TASK STATEMENT:
Every line in the records below between the one holding "חג יום המתים" and the one holding "Net Framework 3.5 needs to be installed", inclusive, is to be set down exactly; all other lines are to be left out.
------------------------
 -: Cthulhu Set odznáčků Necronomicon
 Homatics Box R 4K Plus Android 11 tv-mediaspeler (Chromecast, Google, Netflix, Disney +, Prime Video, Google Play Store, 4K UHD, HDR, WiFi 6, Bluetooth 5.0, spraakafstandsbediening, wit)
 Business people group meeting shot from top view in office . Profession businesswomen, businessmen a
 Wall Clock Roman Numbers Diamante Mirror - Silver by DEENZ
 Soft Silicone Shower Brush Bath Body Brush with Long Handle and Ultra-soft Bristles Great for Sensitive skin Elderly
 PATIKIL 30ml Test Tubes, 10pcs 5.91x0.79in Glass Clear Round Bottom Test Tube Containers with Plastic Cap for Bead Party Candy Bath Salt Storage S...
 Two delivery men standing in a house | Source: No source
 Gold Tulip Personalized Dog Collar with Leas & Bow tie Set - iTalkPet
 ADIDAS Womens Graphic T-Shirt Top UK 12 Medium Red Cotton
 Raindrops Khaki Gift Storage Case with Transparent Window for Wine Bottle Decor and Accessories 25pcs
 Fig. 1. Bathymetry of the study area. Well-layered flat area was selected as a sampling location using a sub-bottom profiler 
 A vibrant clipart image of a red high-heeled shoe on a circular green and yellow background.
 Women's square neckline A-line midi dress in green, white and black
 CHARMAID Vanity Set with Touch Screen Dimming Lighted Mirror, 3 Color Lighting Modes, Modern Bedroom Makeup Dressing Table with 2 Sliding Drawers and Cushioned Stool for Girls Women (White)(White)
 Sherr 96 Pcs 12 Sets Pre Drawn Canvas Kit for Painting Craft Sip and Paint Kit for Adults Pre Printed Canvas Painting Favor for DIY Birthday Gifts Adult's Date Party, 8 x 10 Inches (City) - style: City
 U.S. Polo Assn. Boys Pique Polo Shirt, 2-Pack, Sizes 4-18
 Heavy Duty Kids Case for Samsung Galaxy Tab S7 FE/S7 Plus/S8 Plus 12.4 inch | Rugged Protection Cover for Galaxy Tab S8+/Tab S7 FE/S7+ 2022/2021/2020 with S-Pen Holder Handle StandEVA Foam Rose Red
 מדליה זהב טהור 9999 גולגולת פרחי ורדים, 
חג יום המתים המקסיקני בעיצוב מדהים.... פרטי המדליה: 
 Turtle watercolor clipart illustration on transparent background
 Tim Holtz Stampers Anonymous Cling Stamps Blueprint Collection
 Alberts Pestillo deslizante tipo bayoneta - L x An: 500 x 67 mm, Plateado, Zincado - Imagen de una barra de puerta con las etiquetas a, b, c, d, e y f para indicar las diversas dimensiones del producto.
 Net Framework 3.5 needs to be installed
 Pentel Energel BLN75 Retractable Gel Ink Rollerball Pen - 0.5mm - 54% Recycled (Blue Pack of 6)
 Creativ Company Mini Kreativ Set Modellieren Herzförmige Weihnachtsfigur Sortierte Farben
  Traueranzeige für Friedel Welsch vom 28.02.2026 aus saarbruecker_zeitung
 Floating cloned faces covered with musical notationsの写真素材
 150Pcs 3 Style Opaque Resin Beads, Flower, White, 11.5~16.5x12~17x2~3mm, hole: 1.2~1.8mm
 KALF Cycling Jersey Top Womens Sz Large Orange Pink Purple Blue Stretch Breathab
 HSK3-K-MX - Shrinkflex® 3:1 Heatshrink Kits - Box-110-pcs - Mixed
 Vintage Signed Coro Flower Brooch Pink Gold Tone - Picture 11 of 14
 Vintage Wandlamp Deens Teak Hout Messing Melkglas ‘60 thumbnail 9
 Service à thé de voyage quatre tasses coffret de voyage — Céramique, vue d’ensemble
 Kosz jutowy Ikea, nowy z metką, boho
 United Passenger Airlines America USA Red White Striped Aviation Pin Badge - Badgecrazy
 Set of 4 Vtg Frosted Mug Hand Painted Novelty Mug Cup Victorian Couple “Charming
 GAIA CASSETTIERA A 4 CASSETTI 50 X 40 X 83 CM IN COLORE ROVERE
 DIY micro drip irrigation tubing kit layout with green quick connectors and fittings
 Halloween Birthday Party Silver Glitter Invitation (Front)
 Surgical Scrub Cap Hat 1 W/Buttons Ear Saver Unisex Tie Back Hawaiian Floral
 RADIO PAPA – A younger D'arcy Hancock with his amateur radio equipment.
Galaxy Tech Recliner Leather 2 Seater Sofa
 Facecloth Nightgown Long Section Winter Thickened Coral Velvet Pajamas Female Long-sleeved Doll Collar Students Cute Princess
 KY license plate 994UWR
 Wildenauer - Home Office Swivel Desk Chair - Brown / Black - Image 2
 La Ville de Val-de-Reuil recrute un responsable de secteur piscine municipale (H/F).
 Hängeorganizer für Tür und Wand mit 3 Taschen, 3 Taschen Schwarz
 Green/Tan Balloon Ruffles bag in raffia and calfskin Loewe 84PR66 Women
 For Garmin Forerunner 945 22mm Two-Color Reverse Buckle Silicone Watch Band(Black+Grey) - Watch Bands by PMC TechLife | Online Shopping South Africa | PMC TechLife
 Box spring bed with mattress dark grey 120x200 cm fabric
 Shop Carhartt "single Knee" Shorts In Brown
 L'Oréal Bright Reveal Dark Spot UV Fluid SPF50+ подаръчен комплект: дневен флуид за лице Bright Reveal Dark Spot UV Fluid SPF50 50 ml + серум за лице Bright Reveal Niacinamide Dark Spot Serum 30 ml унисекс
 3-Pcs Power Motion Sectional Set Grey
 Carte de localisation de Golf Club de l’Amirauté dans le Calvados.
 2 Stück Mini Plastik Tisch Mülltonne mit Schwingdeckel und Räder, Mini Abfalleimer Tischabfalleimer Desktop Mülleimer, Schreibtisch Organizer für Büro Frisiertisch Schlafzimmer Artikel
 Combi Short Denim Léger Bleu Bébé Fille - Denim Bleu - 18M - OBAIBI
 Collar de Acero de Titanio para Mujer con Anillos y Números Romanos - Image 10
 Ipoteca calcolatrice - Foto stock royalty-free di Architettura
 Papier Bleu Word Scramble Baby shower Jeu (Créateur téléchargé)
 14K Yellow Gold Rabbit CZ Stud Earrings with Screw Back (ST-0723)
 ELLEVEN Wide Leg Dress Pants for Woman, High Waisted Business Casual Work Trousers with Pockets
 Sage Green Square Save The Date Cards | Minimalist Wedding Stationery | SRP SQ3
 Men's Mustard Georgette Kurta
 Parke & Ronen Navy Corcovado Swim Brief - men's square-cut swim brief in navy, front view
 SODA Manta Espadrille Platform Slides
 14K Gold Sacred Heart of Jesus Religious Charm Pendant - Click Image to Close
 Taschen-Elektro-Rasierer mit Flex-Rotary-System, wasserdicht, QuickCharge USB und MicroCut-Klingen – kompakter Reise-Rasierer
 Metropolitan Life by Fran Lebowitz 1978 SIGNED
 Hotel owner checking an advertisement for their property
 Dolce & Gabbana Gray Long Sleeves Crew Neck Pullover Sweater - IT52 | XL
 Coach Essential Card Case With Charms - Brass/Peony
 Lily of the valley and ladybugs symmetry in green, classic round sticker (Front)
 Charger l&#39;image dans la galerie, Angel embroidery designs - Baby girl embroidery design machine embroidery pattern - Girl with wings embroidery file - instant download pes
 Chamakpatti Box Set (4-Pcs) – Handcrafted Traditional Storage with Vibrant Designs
------------------------
TASK OUTPUT:
חג יום המתים המקסיקני בעיצוב מדהים.... פרטי המדליה: 
 Turtle watercolor clipart illustration on transparent background
 Tim Holtz Stampers Anonymous Cling Stamps Blueprint Collection
 Alberts Pestillo deslizante tipo bayoneta - L x An: 500 x 67 mm, Plateado, Zincado - Imagen de una barra de puerta con las etiquetas a, b, c, d, e y f para indicar las diversas dimensiones del producto.
 Net Framework 3.5 needs to be installed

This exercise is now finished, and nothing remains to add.